Each line from the one holding "Материнская плата Biostar" to the end of the data below must be output verbatim, with no other lines.

::::

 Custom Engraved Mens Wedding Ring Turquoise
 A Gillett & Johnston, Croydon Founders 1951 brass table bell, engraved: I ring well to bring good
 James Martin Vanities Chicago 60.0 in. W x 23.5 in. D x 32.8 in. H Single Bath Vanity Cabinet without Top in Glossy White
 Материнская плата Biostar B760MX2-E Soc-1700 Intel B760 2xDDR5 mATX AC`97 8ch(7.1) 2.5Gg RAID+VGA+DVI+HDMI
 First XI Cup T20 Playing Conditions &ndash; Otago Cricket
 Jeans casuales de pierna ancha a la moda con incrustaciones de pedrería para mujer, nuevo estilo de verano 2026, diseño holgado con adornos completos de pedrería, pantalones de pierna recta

::::

▸ ANSWER TO THE PROBLEM
 Материнская плата Biostar B760MX2-E Soc-1700 Intel B760 2xDDR5 mATX AC`97 8ch(7.1) 2.5Gg RAID+VGA+DVI+HDMI
 First XI Cup T20 Playing Conditions &ndash; Otago Cricket
 Jeans casuales de pierna ancha a la moda con incrustaciones de pedrería para mujer, nuevo estilo de verano 2026, diseño holgado con adornos completos de pedrería, pantalones de pierna recta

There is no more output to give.